[Information given Boundary: Start]

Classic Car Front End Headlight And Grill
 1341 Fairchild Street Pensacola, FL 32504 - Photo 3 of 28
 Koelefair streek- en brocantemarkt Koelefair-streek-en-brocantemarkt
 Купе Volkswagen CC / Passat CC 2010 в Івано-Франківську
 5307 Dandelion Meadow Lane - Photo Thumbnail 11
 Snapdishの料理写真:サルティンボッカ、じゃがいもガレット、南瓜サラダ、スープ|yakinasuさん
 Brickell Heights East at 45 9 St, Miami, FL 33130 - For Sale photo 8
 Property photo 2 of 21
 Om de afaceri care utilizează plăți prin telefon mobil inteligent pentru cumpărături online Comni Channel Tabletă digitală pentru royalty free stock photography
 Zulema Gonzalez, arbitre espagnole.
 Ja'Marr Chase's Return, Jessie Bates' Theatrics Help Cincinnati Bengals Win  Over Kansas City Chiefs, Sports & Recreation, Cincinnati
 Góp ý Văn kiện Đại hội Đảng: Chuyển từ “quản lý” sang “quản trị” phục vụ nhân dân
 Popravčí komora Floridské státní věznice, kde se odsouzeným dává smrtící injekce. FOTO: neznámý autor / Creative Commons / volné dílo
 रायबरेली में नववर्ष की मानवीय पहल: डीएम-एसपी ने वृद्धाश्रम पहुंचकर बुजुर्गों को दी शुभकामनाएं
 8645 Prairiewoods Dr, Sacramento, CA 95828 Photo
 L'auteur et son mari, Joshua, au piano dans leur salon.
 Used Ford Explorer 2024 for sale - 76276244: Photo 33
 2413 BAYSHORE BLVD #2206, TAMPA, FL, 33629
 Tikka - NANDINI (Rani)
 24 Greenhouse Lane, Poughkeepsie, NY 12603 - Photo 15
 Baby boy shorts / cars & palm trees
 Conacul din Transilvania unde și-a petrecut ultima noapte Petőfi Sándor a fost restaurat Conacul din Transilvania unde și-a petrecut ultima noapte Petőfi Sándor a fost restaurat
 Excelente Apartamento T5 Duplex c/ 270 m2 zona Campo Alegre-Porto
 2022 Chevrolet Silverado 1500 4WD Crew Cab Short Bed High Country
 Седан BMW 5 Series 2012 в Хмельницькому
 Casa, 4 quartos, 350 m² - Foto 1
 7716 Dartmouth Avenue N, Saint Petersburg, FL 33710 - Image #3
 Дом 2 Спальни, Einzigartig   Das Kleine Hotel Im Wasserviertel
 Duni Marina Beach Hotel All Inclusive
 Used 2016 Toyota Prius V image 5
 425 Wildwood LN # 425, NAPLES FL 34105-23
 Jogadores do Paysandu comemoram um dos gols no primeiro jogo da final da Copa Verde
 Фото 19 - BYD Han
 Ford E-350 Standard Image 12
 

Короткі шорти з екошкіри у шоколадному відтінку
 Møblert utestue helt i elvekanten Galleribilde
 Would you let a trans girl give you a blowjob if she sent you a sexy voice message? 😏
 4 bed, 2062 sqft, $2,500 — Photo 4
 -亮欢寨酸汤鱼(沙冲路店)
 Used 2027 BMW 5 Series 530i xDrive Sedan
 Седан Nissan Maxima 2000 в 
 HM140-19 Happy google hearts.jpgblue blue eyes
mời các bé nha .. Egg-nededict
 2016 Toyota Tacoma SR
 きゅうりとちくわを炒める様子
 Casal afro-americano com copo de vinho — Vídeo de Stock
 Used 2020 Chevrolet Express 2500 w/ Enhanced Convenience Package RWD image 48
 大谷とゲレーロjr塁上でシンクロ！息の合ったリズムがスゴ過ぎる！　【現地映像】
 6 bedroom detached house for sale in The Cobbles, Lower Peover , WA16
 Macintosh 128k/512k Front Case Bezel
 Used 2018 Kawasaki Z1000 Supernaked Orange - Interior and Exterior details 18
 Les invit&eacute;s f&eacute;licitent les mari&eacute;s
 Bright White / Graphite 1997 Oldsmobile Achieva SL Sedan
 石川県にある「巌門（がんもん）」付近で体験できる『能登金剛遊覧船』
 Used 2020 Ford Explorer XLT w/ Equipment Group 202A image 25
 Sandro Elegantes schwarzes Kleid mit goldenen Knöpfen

[Information given Boundary: End]

▸ Problem description: The lines to output run from the one containing "Дом 2 Спальни, Einzigartig" through the last line of the records above; repeat them exactly and nothing more.

▸ Response to the task:
 Дом 2 Спальни, Einzigartig   Das Kleine Hotel Im Wasserviertel
 Duni Marina Beach Hotel All Inclusive
 Used 2016 Toyota Prius V image 5
 425 Wildwood LN # 425, NAPLES FL 34105-23
 Jogadores do Paysandu comemoram um dos gols no primeiro jogo da final da Copa Verde
 Фото 19 - BYD Han
 Ford E-350 Standard Image 12
 

Короткі шорти з екошкіри у шоколадному відтінку
 Møblert utestue helt i elvekanten Galleribilde
 Would you let a trans girl give you a blowjob if she sent you a sexy voice message? 😏
 4 bed, 2062 sqft, $2,500 — Photo 4
 -亮欢寨酸汤鱼(沙冲路店)
 Used 2027 BMW 5 Series 530i xDrive Sedan
 Седан Nissan Maxima 2000 в 
 HM140-19 Happy google hearts.jpgblue blue eyes
mời các bé nha .. Egg-nededict
 2016 Toyota Tacoma SR
 きゅうりとちくわを炒める様子
 Casal afro-americano com copo de vinho — Vídeo de Stock
 Used 2020 Chevrolet Express 2500 w/ Enhanced Convenience Package RWD image 48
 大谷とゲレーロjr塁上でシンクロ！息の合ったリズムがスゴ過ぎる！　【現地映像】
 6 bedroom detached house for sale in The Cobbles, Lower Peover , WA16
 Macintosh 128k/512k Front Case Bezel
 Used 2018 Kawasaki Z1000 Supernaked Orange - Interior and Exterior details 18
 Les invit&eacute;s f&eacute;licitent les mari&eacute;s
 Bright White / Graphite 1997 Oldsmobile Achieva SL Sedan
 石川県にある「巌門（がんもん）」付近で体験できる『能登金剛遊覧船』
 Used 2020 Ford Explorer XLT w/ Equipment Group 202A image 25
 Sandro Elegantes schwarzes Kleid mit goldenen Knöpfen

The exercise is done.